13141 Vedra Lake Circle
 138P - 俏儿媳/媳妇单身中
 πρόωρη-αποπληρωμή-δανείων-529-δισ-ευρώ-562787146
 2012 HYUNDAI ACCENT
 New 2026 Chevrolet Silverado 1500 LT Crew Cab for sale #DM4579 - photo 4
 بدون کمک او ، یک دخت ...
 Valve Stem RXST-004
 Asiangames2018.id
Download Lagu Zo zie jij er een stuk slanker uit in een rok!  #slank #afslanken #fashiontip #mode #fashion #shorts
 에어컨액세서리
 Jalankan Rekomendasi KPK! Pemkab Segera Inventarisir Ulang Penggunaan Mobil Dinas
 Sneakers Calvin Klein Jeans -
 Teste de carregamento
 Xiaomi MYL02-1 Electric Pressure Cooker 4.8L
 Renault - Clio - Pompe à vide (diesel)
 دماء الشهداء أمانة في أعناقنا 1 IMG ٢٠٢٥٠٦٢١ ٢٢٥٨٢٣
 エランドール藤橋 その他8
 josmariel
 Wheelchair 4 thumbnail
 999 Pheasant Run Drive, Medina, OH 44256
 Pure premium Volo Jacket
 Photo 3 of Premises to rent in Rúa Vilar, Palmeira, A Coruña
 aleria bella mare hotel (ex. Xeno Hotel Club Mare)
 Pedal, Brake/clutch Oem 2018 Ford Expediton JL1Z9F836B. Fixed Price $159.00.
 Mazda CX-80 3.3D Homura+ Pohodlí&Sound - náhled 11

◆ ◆ ◆ ◆ ◆

#### [WHAT IS REQUIRED]
Output should match, line for line, the stretch of the material above from the line holding "Teste de carregamento" through the line holding "aleria bella mare".

#### [ANSWER FOR THE TASK]
 Teste de carregamento
 Xiaomi MYL02-1 Electric Pressure Cooker 4.8L
 Renault - Clio - Pompe à vide (diesel)
 دماء الشهداء أمانة في أعناقنا 1 IMG ٢٠٢٥٠٦٢١ ٢٢٥٨٢٣
 エランドール藤橋 その他8
 josmariel
 Wheelchair 4 thumbnail
 999 Pheasant Run Drive, Medina, OH 44256
 Pure premium Volo Jacket
 Photo 3 of Premises to rent in Rúa Vilar, Palmeira, A Coruña
 aleria bella mare hotel (ex. Xeno Hotel Club Mare)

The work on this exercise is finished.